Solved: Re: Domain function mean(var3) over (patrition by var1,var2)

Matt3 · Posted 08-07-2017 09:09 AM

Hi,

Could anyone please tell me if it is possible to use such domain functions in SAS as in sql

for instance:

'mean(var3) over (patrition by var1,var2)'

Thank you.

PGStats · Posted 08-07-2017 01:56 PM

Looks like you want something like:


proc sql;
select
    Cst_name,
    coalesce(mean(case when data_1 = "NA" then . else skrz end), 0) as avg_data_1_cst,
    coalesce(mean(case when data_2 = "NA" then . else skrz end), 0) as avg_data_2_cst,
    coalesce(mean(case when data_3 = "NA" then . else skrz end), 0) as avg_data_3_cst,
    coalesce(max(case when data_1 = "NA" then . else skrz end), 0) as max_data_1_cst
from test
group by Cst_name;
quit;

PG

View solution in original post

Kurt_Bremser · Posted 08-07-2017 09:14 AM

Do you mean something like

proc sql;
create table want as
select
  var1,
  var2,
  avg(var3)
from have
group by
  var1,
  var2
;
quit;

?

Maxims of Maximally Efficient SAS Programmers
How to convert datasets to data steps
The macro for direct download as ZIP
How to post code
Please vote for Provide Sequential Search Capability for Hash Objects
How to deal with locked files on UNIX

Matt3 · Posted 08-07-2017 09:24 AM

Not really, rather then grouping them I have to get statistics over multiple variables for eg.

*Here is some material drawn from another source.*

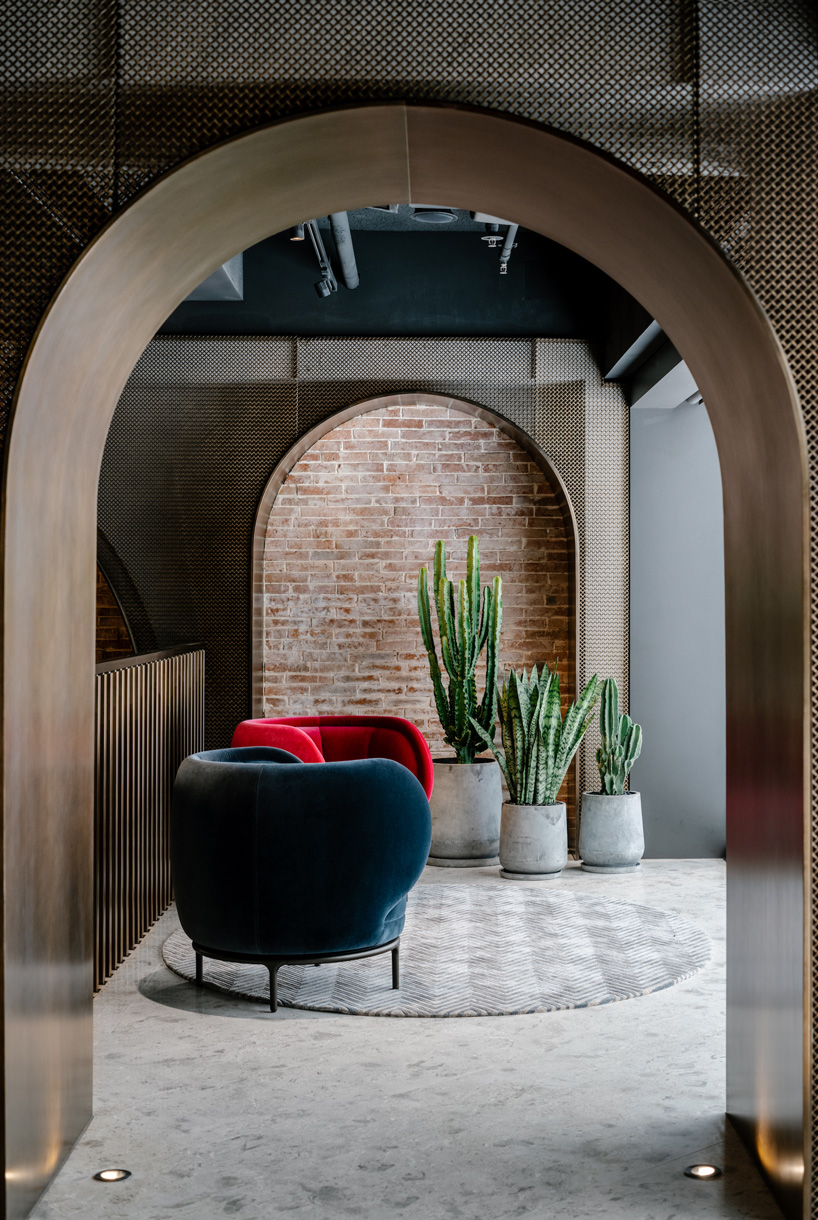 bronze arches, chairs and cacti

case when data_2 <> 'non' then round(avg(num) over (partition by wyn.id_cst, wyn.data_2),2) 
else 0 end as sred_skzr_6m,
case when data_3 <> 'non' then round(avg(num) over (partition by wyn.id_cst, wyn.data_3),2) 
else 0 end as sred_skzr_9m,
case when data_4 = 'sth' then round(avg(num) over (partition by wyn.id_cst, wyn.data_4),2) 
else 0 end as sred_skzr_12m,

LinusH · Posted 08-07-2017 10:45 AM

Since most of us are SAS specialists, example syntax from other SW is of little help.
Please exemplify with sample data and desired output, paired with a more verbal description of what you want to accomplish.

Data never sleeps

Matt3 · Posted 08-07-2017 12:47 PM

ok, here you can see the example of the data:

Cst_Name	data_1	data_2	data_3	skrz
John	3m	6m	9m	100
John	NA	6m	9m	87
Alfred	NA	6m	NA	95
Alfred	NA	6m	NA	57
Alfred	NA	6m	NA	95
Alice	3m	6m	NA	46
Barbara	3m	NA	9m	78
Barbara	3m	NA	9m	45
William	NA	NA	9m	58
Frnak	3m	NA	9m	88
Frank	NA	NA	9m	58
Rose	NA	6m	9m	79
Rose	NA	6m	NA	128
Sarah	NA	6m	9m	78
Sarah	3m	NA	9m	89

and expected results:

Cst_Name	avg_data_1_cst	avg_data_2_cst	avg_data_3_cst	max_data_1_cst	std_data_2_cst
John	100	93,5	93,5	100	6,5
Alfred	0	82,33333333	0	0	17,91337179
Alice	46	46	0	46	0
Barbara	61,5	0	61,5	78	0
William	0	0	58	0	0
Frnak	88	0	73	88	0
Rose	0	103,5	79	0	24,5
Sarah	89	78	83,5	89	0

in Oracle SQL you can easily do this with over (partition by ) command.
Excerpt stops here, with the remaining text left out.